Goldman Sachs has lowered the rating of the Spanish renewable energy company Solaria to “neutral” from “buy” after its strong performance in 2020 when it appreciated 247%. Since November 18, Solaria shares have risen 64%, compared to 4% for the sector and now the US bank’s experts consider that its upside potential has been exhausted.
The US investment bank, however, raises its target price on Solaria from 24 to 25.5 euros per share, which implies falls in the stock market since it is currently trading at 27.64 euros.
This Friday, Solaria shares fell about 11% on the Ibex 35 this Friday and led the declines in the Spanish index.
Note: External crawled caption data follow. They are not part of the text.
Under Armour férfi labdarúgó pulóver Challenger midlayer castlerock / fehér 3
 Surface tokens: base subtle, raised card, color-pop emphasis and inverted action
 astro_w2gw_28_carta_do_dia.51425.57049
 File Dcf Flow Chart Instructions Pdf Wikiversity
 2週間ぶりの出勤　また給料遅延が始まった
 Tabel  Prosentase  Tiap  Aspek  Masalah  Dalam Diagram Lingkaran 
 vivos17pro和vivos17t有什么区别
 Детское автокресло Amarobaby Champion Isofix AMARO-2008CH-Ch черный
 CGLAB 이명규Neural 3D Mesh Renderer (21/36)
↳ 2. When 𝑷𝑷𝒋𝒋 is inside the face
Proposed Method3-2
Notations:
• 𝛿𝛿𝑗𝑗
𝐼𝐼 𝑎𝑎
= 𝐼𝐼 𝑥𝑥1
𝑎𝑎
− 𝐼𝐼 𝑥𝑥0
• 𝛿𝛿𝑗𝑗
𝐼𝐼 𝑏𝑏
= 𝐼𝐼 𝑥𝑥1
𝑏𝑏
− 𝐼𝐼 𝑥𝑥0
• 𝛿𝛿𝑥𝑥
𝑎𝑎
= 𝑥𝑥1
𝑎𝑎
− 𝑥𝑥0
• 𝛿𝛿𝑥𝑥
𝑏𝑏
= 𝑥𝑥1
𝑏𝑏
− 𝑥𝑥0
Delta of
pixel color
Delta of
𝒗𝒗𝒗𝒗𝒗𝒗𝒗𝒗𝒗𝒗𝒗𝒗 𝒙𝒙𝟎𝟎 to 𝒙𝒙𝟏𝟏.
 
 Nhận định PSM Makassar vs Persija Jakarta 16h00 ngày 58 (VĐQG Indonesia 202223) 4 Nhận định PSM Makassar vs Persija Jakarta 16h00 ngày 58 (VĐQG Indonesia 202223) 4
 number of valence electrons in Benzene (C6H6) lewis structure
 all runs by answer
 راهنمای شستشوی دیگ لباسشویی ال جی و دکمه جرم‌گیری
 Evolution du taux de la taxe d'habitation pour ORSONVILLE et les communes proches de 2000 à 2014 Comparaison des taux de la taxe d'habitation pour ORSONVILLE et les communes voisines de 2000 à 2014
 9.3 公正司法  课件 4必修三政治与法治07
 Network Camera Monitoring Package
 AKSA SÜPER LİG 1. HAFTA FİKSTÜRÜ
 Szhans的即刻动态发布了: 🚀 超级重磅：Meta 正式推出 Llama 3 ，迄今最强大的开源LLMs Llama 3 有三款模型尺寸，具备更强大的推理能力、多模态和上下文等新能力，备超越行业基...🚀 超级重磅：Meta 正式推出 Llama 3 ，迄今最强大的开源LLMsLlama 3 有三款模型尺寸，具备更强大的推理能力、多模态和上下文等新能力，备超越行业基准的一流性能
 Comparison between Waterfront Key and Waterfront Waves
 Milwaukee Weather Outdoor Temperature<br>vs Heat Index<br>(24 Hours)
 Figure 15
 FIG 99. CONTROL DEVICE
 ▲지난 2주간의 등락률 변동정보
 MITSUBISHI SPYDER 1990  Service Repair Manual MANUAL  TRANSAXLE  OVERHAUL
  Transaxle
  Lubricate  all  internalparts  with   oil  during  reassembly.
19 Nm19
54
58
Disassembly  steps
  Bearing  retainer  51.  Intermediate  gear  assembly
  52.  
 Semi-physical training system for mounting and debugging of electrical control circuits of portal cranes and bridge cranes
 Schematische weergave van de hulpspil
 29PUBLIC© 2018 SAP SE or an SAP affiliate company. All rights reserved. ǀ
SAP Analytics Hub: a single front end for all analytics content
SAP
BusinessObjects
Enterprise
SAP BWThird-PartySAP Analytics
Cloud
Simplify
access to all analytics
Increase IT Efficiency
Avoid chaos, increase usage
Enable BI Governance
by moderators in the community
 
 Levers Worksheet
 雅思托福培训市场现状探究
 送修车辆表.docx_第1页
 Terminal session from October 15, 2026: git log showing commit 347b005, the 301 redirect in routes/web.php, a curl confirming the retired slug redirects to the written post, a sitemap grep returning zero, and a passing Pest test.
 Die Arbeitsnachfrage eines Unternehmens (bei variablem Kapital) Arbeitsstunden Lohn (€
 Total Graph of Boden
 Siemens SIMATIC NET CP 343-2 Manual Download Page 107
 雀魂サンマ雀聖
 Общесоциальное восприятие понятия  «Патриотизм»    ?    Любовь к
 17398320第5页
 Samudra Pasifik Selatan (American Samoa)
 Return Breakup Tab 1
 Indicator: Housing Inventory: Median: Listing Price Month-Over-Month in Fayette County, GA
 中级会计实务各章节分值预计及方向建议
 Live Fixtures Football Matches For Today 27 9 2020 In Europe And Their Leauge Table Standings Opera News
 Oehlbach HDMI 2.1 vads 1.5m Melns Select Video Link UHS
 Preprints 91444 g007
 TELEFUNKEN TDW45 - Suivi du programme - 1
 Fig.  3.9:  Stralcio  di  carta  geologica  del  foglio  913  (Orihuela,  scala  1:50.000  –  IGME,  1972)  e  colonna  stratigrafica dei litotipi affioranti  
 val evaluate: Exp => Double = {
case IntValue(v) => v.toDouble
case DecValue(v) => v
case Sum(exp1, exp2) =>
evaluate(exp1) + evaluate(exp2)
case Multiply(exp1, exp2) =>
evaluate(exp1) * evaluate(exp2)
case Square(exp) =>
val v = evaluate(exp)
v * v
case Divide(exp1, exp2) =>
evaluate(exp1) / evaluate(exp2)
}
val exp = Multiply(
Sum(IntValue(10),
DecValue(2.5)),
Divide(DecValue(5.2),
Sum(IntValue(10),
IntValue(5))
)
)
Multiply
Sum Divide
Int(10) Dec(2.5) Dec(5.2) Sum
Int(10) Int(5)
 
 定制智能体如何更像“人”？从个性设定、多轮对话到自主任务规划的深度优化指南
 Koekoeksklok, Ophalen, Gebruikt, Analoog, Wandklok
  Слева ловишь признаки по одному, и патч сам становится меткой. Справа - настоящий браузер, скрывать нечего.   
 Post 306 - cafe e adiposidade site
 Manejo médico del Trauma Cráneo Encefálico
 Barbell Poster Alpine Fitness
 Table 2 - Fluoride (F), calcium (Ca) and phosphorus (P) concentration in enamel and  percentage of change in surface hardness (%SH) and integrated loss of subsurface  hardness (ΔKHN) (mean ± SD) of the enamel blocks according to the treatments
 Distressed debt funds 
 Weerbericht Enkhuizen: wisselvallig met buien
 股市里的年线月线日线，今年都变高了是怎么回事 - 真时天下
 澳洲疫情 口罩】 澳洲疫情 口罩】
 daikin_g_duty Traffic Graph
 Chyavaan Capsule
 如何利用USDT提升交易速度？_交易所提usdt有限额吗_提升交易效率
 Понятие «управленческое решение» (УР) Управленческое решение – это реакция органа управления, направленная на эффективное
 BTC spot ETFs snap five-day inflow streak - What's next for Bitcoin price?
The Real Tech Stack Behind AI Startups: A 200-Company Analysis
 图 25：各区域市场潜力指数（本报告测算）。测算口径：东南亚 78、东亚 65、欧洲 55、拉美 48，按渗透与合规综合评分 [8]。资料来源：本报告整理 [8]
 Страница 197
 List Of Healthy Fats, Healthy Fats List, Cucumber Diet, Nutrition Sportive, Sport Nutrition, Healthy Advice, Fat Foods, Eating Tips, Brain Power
The fall of Solaria has also produced the massive sale of shares in the Spanish solar sector with significant drops in Grenergy, Solarpack and Soltec in the continuous market.
“We think it is too early to move away from our current (more conservative) assumptions for future purchases, returns and capital structure,” says Goldman Sachs.
The investment bank estimates that the Spanish solar market could grow by 3 to 3.5 GW per year until 2030, while seeing an ongoing decline in Solaria’s domestic market share, from the current 30% to 20% in 2025-2030 and to 15% beyond 2030. In October, Solaria broke into the Ibex 35 replacing the ‘teleco’ MásMóvil.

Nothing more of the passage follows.